She spent the next five years focusing on TV presenting for music and sports channels before returning to university in Israel.
Becky recalled: "I was a broadcast journalist when I was 20. When my dad became a professional basketball player, I used to go to all the games.
"One of the guys who was reporting on one of his games came up to me and asked if I was interested in reporting, so I said 'of course' as I had a passion for the sport.
"It was a terrifying experience as I was dropped straight in at the deep end, live on air.
"The director said, 'I want the people at home to get that you enjoy what you're doing, and that you understand what you're doing', and thankfully they did."
Becky moved to London at 25 and became the host of MTV's European music channel from 2003.
"They wanted an Israeli because 50 per cent of the advertising revenue came from Israel," she explained.
"They had two on-air British people, but the channel did not go out in the UK so they wanted an Israeli face to keep the sponsorship stream going.
"They saw about 300 people, but, thankfully, chose me."
While living in the UK, Becky's eyes had been opened to the bias of the British media against Israel - especially during the Gaza conflict in 2004, where her brother was in combat.
She explained: "I was exposed to it on a daily basis. A lot of my friends were coming to me with anti-Israel bias because of what they saw on British TV news and I realised it was a terrible situation because the media really has the power to affect what people think."
She said that playing the dance track Weapon of Mass Destruction by Faithless "really stood out" because of the lyric 'Misinformation is a weapon of mass destruction'.

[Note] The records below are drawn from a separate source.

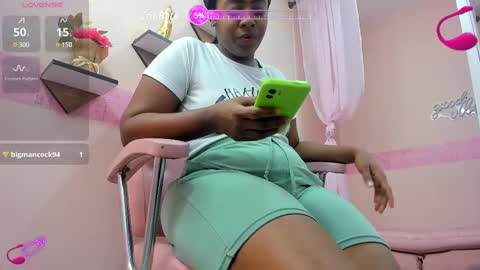 Snapshot of carlota_swan chatting on 02.10.25 carlota online show from 02.10.25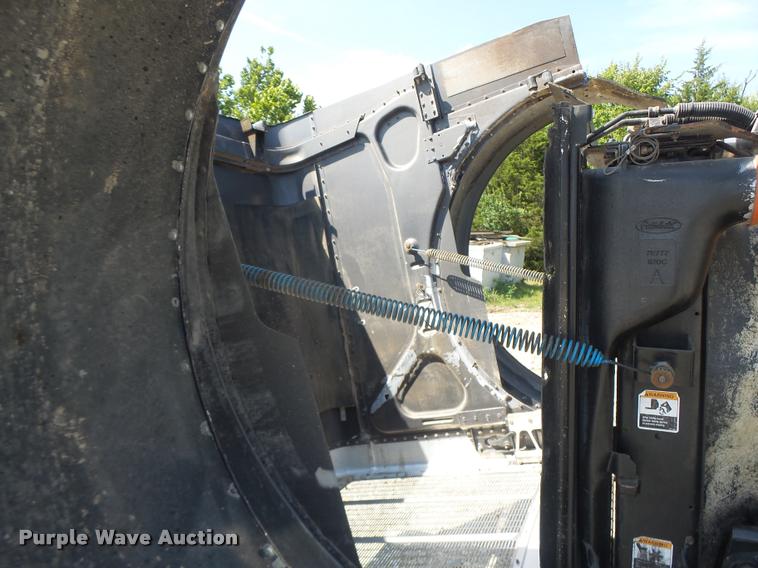 image for item DB5853 2004 Peterbilt 379 semi truck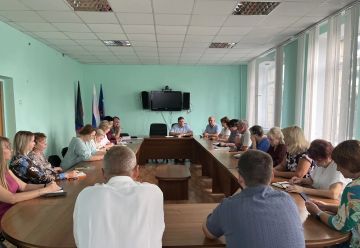 Василий Овчаров: Сегодня, 14 сентября 2026 года, состоялось аппаратное совещание с начальниками структурных подразделений Администрации Новоазовского муниципального округа, территориальных подразделений министерств и...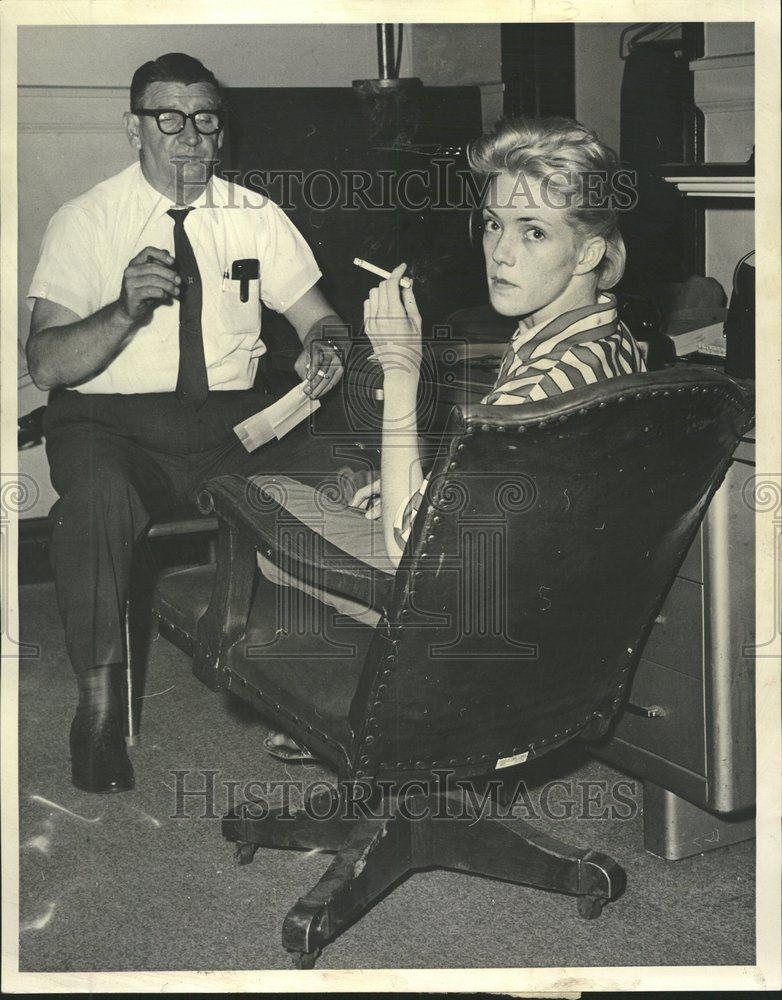 1963 Press Photo Rita Crammy Stolen Trading Stamps - RRV63715 - Historic Images
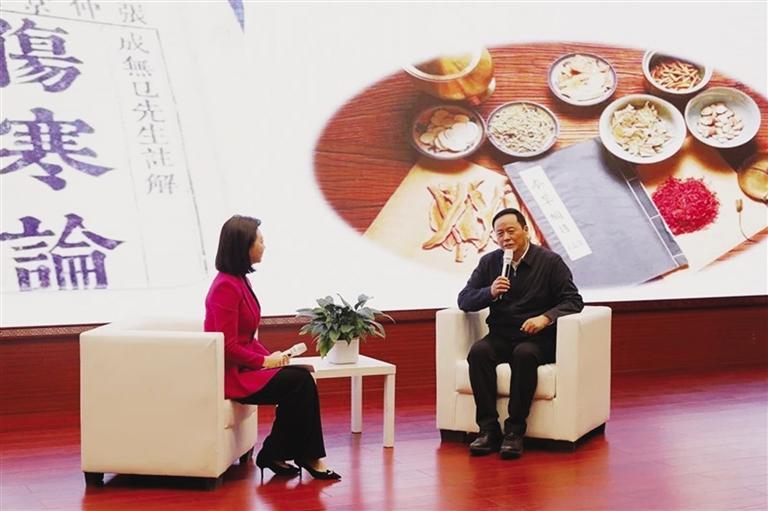 中国科学院院士仝小林 勉励广大学子建设健康中国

"It is no wonder that antisemitism is on the rise in the UK," she said. "It is hard not to connect the dots."
When Becky returned to Israel to finish her studies, social media website Myspace was beginning to gain steam and she had decided to open an account with the sole aim of telling the truth.
She said: "I opened up an account to share the perspective as a non-political Israeli, as a civilian who has family in the army.
"It received a lot of traction as people began reading it, thanking me for sharing things that do not receive attention in the media. This is how I have been using my social media accounts ever since."
Becky has gained notoriety for her influence on social media through her Twitter account - @dorothyofisrael - and her Facebook pages.
She explained: "I find that on Twitter, I'm actually able to make a little bit of a change, because Twitter is where the media lives.
"It is where the journalists are and it has become the centre of everything that is news.
"Whether it was during last year's war or the current conflict, I can tweet editors, reporters or anyone involved within the news who reads or posts something factually incorrect and put pressure on them to change it.
"More often than not, I have managed to successfully get them to change it.
"Jake Tapper from CNN has been following me since the 2014 Gaza conflict and he is the only American media news person who brought up the Palestinian incitement by (Mahmoud) Abbas when he was interviewing a Palestinian official who was sitting there blaming the Israelis and the 'occupation'.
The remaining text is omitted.